Questo secondo punto è assai delicato, perché inevitabilmente un maggior potere di indagine alla Pg, svincolata dall’iniziativa e dal controllo del Pm, significa, nel concreto, ancorché non si dica in modo esplicito, mettere nelle mani dell’esecutivo, da cui dipendono le Forze dell’ordine, la scelta di indirizzare l’attività di indagine; significa, inoltre, il venir meno della garanzia del controllo del Pubblico ministero sull’operato della Pg che, al di là di quanto affermato dal ministro, non sempre è all’altezza di gestire autonomamente l’attività investigativa.
Il Csm ha osservato come questa proposta di modifica dell’assetto dei rapporti tra Pg e Pm contrasti con gli artt. 109 e 112 della Carta costituzionale: il rilievo è discutibile, tuttavia, proprio per l’evidente delicatezza della proposta, che va ad incidere su garanzie di carattere costituzionale, tra cui il principio di obbligatorietà dell’azione penale (ormai ridotto, nei fatti, a mera petizione di principio) e che evidenzia la necessità di una scelta di campo sul punto, è indispensabile trovare una mediazione fra le diverse sensibilità, per giungere ad un punto di equilibrio condiviso.

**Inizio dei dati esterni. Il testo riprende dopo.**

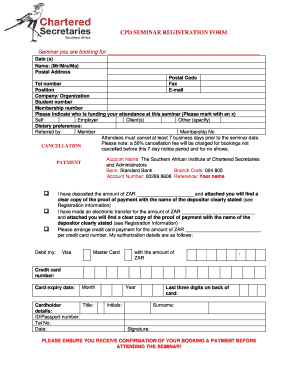 CPD Seminar Registration Form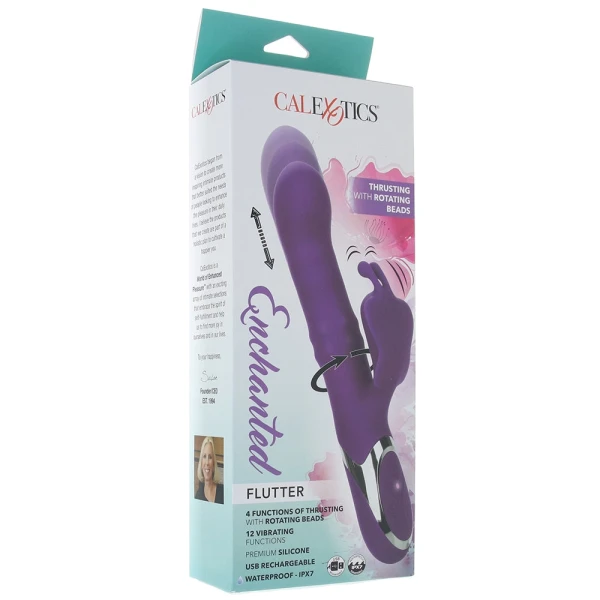 Enchanted Flutter Rechargeable Dual Stimulation Silicone Vibrator With Thrusting Tip & Rotating Beads By CalExotics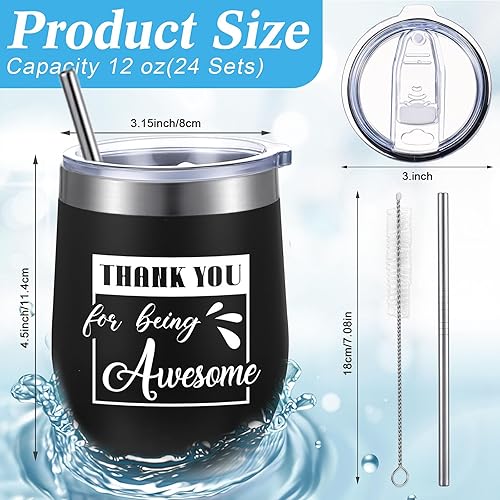 Miniatura 2 de Sieral Vaso de vino con texto en inglés "Thank You for Being Awesome Thank You for Being Awes", regalos de agradecimiento para empleados, mujeres,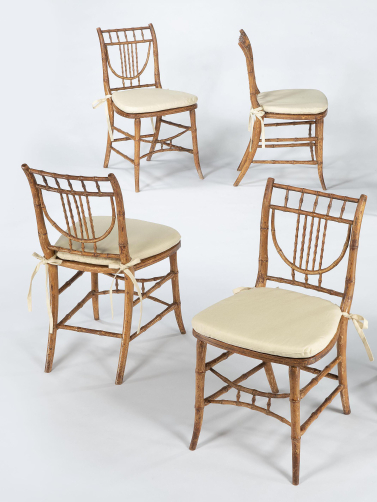 Set of Four Faux Bamboo & Caned Chairs
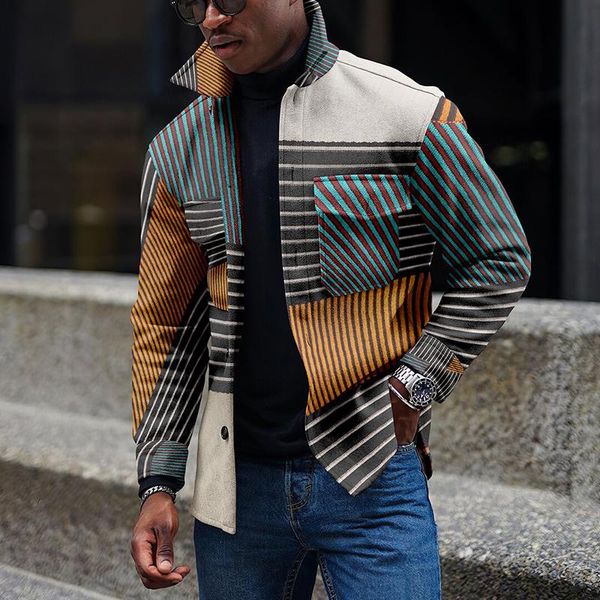 

men's jackets fashion men striped patchwork coats for mens 2021 autumn winter casual turn-down collar buttoned-up outerwear harajuku, Black;brown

È stata posta anche la domanda sulla necessità di una riforma della legge professionale dell’avvocatura (in vigore dal 1930 e del tutto inadeguata alle esigenze attuali della professione): il ministro ha preso atto che le riforme del processo civile e di quello penale non miglioreranno più di tanto l’attuale situazione di collasso della giustizia, se non saranno accompagnate da una profonda riforma dell’avvocatura. Oggi la categoria professionale forense, che ha raggiunto numeri stratosferici, per la mancanza di selezione e di controllo sulla deontologia e la formazione rischia di impattare sempre più negativamente la buona amministrazione della giustizia: è necessario, pertanto, ribadire il concetto di professione protetta, per i delicati interessi che tratta e, attraverso un meccanismo di selezione più serio e all’inizio della scelta dei neolaureati, renderla effettivamente “protetta”, nell’interesse dei cittadini e della giustizia (le proposte di riforma non mancano).
Un’ultima osservazione: il ministro ha dichiarato che per risolvere il cronico problema del sistema carcerario non ricorrerà al solito provvedimento di indulto, ma cercherà di creare più capienza carceraria e punterà sul lavoro per i carcerati, al fine di abbattere la recidiva.

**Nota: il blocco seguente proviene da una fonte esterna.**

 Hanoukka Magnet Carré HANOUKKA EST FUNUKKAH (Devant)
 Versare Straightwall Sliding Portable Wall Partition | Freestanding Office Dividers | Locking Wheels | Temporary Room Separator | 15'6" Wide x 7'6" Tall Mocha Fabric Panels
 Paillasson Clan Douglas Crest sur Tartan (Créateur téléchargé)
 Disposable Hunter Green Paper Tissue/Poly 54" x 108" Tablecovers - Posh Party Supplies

L’intento è lodevole e l’esperienza dimostra che, effettivamente, il lavoro per i carcerati è importantissimo e, se ben guidato, abbatte significativamente la recidiva: costatiamo, però, che nell’ultima finanziaria del 2009 sono stati tagliati del 43% i fondi destinati al lavoro interno dei carcerati, gestito dall’amministrazione penitenziaria. è auspicabile che l’intento annunciato dal ministro, che condividiamo, non sia poi smentito nell’anno a venire da scelte concrete in senso contrario.